The model used 78,294 unselected Holter recordings collected across the USA, UK, France, Czech Republic, South Africa and India. Among 59,302 recordings used for validation, the mean age of patients were 61.3±17.3 years and 40% were male. A total of 222 recordings presented sustained VT with a mean rate of 157±38 bpm, and median duration 62 seconds [IQR 42, 173]), with the vast majority (98%) being monomorphic.
“Current methods for predicting SCD are extremely limited. By leaning on artificial intelligence, we hope to revolutionise the way physicians monitor, prevent, and predict SCD, improving the lives of patients while generating cost savings for our healthcare system,” said Laurent Fiorina (Institut Cardiovasculaire Paris Sud, Ramsay, France). “For high-risk patients who suffer from multiple conditions including hypertension, obesity, older age and diabetes, this technology could be lifesaving to help more accurately predict sustained VT and offering physicians important insights to offer early SCD prevention interventions.”

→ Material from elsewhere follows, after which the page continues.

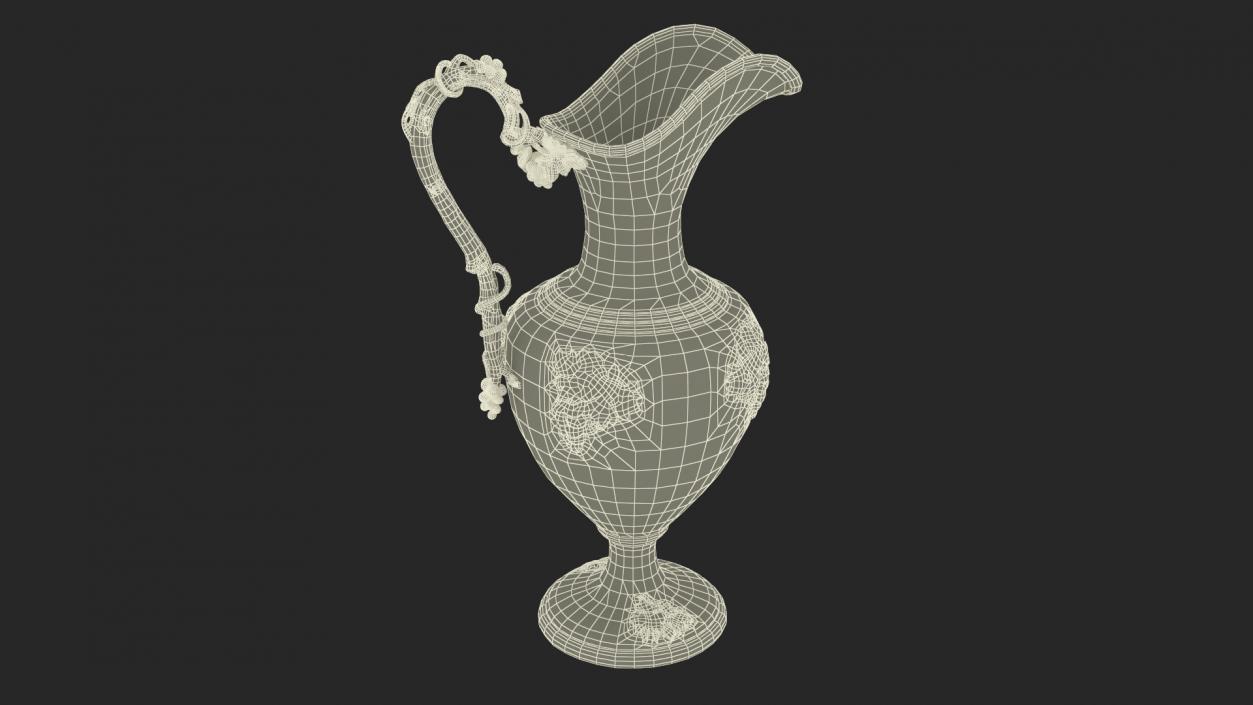 3D Silver Pitcher in Grape Pattern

On the internal validation dataset, the model achieved an area under the receiver operating characteristic (ROC) curve (AUC) of 0.939 with a sensitivity of 83.3% and a specificity of 88.7%. On the external validation dataset, the AUC was 0.911 with a sensitivity and specificity of 78.9% and 81.4%, respectively. The AI-model correctly predicted VT occurrence in 88% of patients with rapid VT (≥180 bpm). Lastly, the reference model revealed an internal validation AUC of 0.833.
The authors are currently looking to validate the model in future prospective clinical studies. They would also like to extend near-term prevention through ECG monitoring to hospital monitoring or wearable sensors with potential applicability to larger populations.